Tuesday, July 12, 2011

Some recipes are a complete waste of money...

My Weight Watcher's Cookbook had an appealing recipe along with a lovely picture to entice all the fatties. The recipe is called Pappardelle with Shrimp. Apparently, pappardelle is the elitist name for what here in reality call "egg noodles." So. Recipe includes: pretentious noodles, olive oil, garlic, shrimpers, dry white wine, chicken broth, eggs (oh yes, we will explore this in detail), parm cheese, pepper, and mint. Yes, mint. To start with, I omitted the wine (why waste money on something like that? Dry white wine? Bleck.) and the mint, because, well, mint? Really? Yech. Then I decided there needed to be some veggies, so I added to this recipe portobella mushrooms, zucchini, and fresh roma tomatoes.

I was a little bit excited. Then I wasn't. Here's why:

1. the shrimp I got? Not peeled. So after cooking them I had to peel them while they were still hot. No me gusta.
2. The mysterious eggs? Following the directions to a T (or a t), I proceed to add the egg, parm, and pepper mixture at the appropriate moment, only to have my eggs immediately scramble. Nice. Dirty looking bits of scramble aborted chicken fetuses are now sticking to all the shrimp and veg. Gross to look at. Gross to eat. The more you know!
3. My extra healthy veg additions? The zucchini became mush. The mushrooms were good, but not enough. And the tomatoes were a bust.

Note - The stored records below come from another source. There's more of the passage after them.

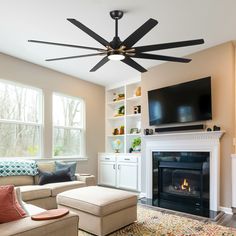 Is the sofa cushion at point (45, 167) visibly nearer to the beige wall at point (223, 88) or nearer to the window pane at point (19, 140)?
the window pane at point (19, 140)

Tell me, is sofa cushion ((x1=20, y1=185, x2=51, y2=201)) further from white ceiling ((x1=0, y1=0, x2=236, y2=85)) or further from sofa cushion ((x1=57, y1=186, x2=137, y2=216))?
white ceiling ((x1=0, y1=0, x2=236, y2=85))

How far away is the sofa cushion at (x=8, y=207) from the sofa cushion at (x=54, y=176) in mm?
2075

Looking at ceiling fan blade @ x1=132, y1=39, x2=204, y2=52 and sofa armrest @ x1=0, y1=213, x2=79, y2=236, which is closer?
sofa armrest @ x1=0, y1=213, x2=79, y2=236

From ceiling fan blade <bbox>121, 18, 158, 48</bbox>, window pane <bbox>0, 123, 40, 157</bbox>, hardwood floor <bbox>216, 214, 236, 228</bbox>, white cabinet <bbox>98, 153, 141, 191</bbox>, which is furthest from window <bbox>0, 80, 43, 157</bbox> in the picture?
hardwood floor <bbox>216, 214, 236, 228</bbox>

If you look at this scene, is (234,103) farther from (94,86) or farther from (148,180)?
(94,86)

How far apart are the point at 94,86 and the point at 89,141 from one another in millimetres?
1460

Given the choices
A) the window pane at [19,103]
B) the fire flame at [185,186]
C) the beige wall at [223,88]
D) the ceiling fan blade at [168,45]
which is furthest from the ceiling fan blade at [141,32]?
the window pane at [19,103]

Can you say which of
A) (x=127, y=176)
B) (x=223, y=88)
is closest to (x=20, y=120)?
(x=127, y=176)

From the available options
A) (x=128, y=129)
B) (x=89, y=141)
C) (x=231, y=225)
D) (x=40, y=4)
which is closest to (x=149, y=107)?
(x=128, y=129)

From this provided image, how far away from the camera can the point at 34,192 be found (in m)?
3.45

Overall? LAME. If you get a wild hair (hare?) and decide to make this crap, I mean "dish,"
1. Omit the eggs. There is no logical reason to put eggs in this.
2. Don't overcook you zucchini.
3. Ignore my tomato suggestion. More mushrooms!
4. Pasta, the shrimpers with veg. No broth.
5. Buy a pizza from Little Caesar's instead and be happy you are not on a diet (I mean "way of life").